Don't try to match the tree_ssa_useless_* set of functions, instead
put the value_preserving_conversion_p predicate in tree.[ch] and
a suitable function using it in tree-ssa-math-opts.c.

Thanks,
Richard.

> I've added checks to make sure the value is not truncated at any point.
>
> I've also changed the test cases to address Janis' comments.
>
> Andrew
>
Michael Matz June 28, 2011, 3:53 p.m. | #2
Hi,

On Tue, 28 Jun 2011, Richard Guenther wrote:

> I'd name the predicate value_preserving_conversion_p which I think is 
> what you mean.  harmless isn't really descriptive.
> 
> Note that you include non-value-preserving conversions, namely int -> 
> unsigned int.

It seems that Andrew really does want to accept them.  If so 
value_preserving_conversion_p would be the wrong name.  It seems to me he 
wants to accept those conversions that make it possible to retrieve the 
old value, i.e. when "T1 x; (T1)(T2)x == x", then T1->T2 has the 
to-be-named property.  bits_preserving?  Hmm.


Ciao,
Michael.
Andrew Stubbs June 28, 2011, 4:14 p.m. | #3
On 28/06/11 16:53, Michael Matz wrote:
> On Tue, 28 Jun 2011, Richard Guenther wrote:
>> I'd name the predicate value_preserving_conversion_p which I think is
>> what you mean.  harmless isn't really descriptive.
>>
>> Note that you include non-value-preserving conversions, namely int ->
>> unsigned int.
>
> It seems that Andrew really does want to accept them.  If so
> value_preserving_conversion_p would be the wrong name.  It seems to me he
> wants to accept those conversions that make it possible to retrieve the
> old value, i.e. when "T1 x; (T1)(T2)x == x", then T1->T2 has the
> to-be-named property.  bits_preserving?  Hmm.

What I want (and I'm not totally clear on what this actually means) is 
to be able to optimize all the cases where the end result will be the 
same as the compiler produces now (using multiple multiply, shift, and 
add operations).

Ok, so that's an obvious statement, but the point is that, right now, 
the compiler does nothing special when you cast from int -> unsigned 
int, or vice-versa, and I want to capture that somehow.

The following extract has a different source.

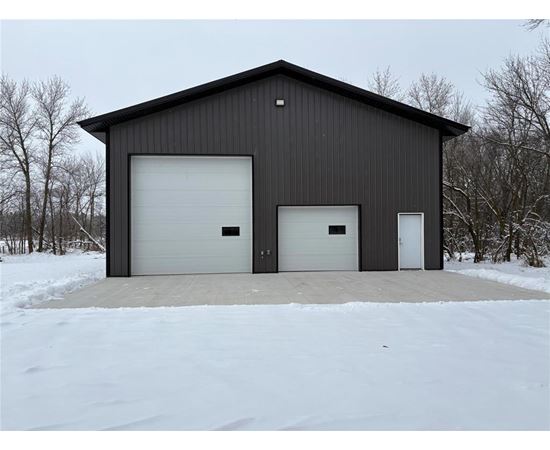 A black building with two white garage doors in the snow.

There are some 
exceptions, I'm sure, but what are they?

What is clear is that I don't want to just assume that casting from one 
signedness to the other is a show-stopper.

For example:

   unsigned long long
   foo (unsigned long long a, unsigned char b, unsigned char c)
   {
     return a + b * c;
   }

This appears to be entirely unsigned maths with plenty of spare 
precision, and therefore a dead cert for any SI->DI 
multiply-and-accumulate instruction, but not so - it is represented 
internally as:

   signed int tmp = (signed int)a * (signed int)b;
   unsigned long long result = a + (unsigned long long)tmp;

Notice the unexpected signed int in the middle! I need to be able to get 
past that to optimize this properly.

I've tried various test cases in which I cast signedness and mode around 
a bit, and so far it appear to perform safely, but probably I'm not be 
cunning enough.

Andrew
Michael Matz June 28, 2011, 4:37 p.m. | #4
Hi,

On Tue, 28 Jun 2011, Andrew Stubbs wrote:

> What I want (and I'm not totally clear on what this actually means) is 
> to be able to optimize all the cases where the end result will be the 
> same as the compiler produces now (using multiple multiply, shift, and 
> add operations).

Okay, then you really want to look through value-preserving conversions.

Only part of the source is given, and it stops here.